Pour les collectivités, l’État et les acteurs publics
- La France affiche un taux de valorisation des déchets municipaux de 40% qui est plus bas que ses voisins européens. Aujourd’hui, en France, la mise en décharge est plus lucrative que le recyclage. Il faut inverser cette logique et réduire les charges des collectivités qui mettent en place des mesures en faveur de l’économie circulaire en adaptant la fiscalité pour rendre la valorisation des déchets moins chère que leur élimination, en réduisant le taux de la TVA sur les activités de prévention, la collecte séparée, le tri, la valorisation matière des déchets et en augmentant les tarifs de la taxe générale sur les activités polluantes pour la mise en décharge et l’incinération. Toutes les collectivités qui s’engagent dans une vraie démarche en faveur de l’économie circulaire verront leurs charges baisser.
- Inciter les administrations à donner les biens en bon état dont elles n’ont plus l’usage au profit de structures relevant de l’économie sociale et solidaire.
- Intégrer l’économie circulaire dans les pratiques d’achat des administrations, par l’utilisation d’au moins 50 % de papier recyclé, l’utilisation de pneumatiques rechapés ou rechapables pour les flottes des véhicules lourds, l’usage de téléphones issus du réemploi…
- Permettre à l’UGAP (Union des groupements d’achat public) et à toute autre centrale d’achat qui le souhaite d’avoir une offre relevant de l’économie circulaire (achat de produits d’occasion, de services relevant de l’économie de la fonctionnalité, etc.)

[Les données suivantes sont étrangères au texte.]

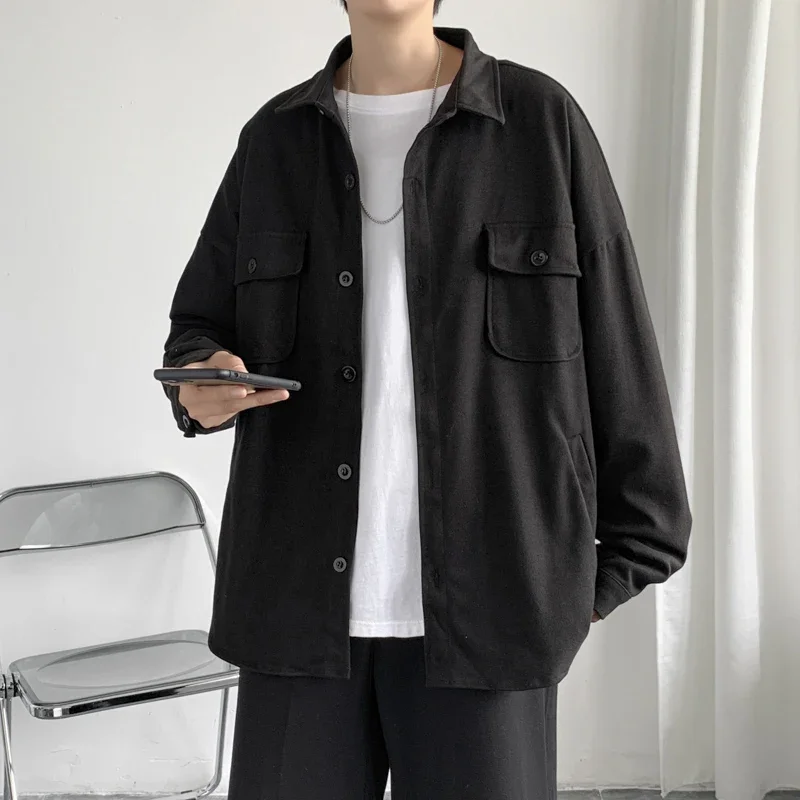 Hanbok Retro Thick Woolen Shirt, Men's Autumn and Winter Long-sleeved Brown Lapel Top, Casual Loose Harajuku Couple Suit
Hanbok Retro Thick Woolen Shirt, Men's Autumn and Winter Long-sleeved Brown Lapel Top, Casual Loose Harajuku Couple Suit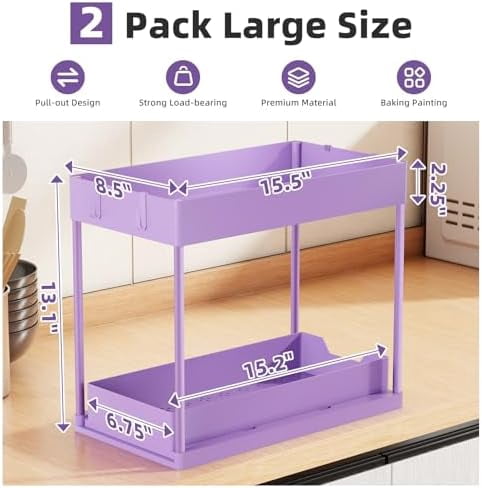 Under Sink Organizer 2 Pack, Sink Pull-Out Sliding Storage Cabinet, 2-Tier Under Shelf Organizer for Kitchen Bathroom, Purple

- Adapter à partir de 2019 les compétences professionnelles pour mieux produire au niveau national et dans les territoires en identifiant les compétences spécifiques nécessaires à certains métiers de l’économie circulaire ; en proposant aux régions une prise en compte accrue des besoins de l’économie circulaire dans les formations professionnelles qu’elles organisent ; en créant des certifications ou des blocs de compétences reconnaissant les compétences contribuant à l’économie circulaire afin de valoriser ces emplois, en particulier dans le secteur de la réparation, du réemploi et de la réutilisation des produits.
Pour les entreprises
Les entreprises de tous les secteurs sont appelées à mieux gérer leurs déchets et à saisir les opportunités industrielles du XXIe siècle : produire mieux, plus durable et en utilisant moins de ressources.

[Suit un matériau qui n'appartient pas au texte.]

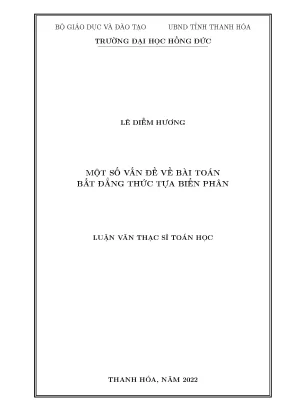 Một số vấn đề về bài toán bất đẳng thức tựa biến phân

- Engager une concertation avec les acteurs concernés pour créer de nouvelles filières REP² dans le secteur des jouets, des articles de sport et de loisir et des articles de bricolage et de jardin afin de réduire le volume des ordures ménagères résiduelles et développer l’activité de réemploi et de réparation de ces articles, en lien avec l’économie sociale et solidaire.
- Edouard Philippe annonce qu’il souhaite mobiliser les producteurs de cigarettes pour inciter les fumeurs à ne pas jeter leur mégots. Les frais de ramassage sont supportés par les collectivités aujourd’hui et devraient être supportés par les producteurs de cigarettes.
- Pour inciter à l’éco-conception, déployer l’affichage environnemental volontaire des produits et des services dans les cinq secteurs pilotes (ameublement, textiles, hôtels, produits électroniques et produits alimentaires) et l’étendre à d’autres secteurs courant 2018.
- Fixer des objectifs de réemploi, de réutilisation et de réparation aux filières REP et mettre une partie des produits collectés gratuitement à disposition des acteurs de l’économie sociale et solidaire.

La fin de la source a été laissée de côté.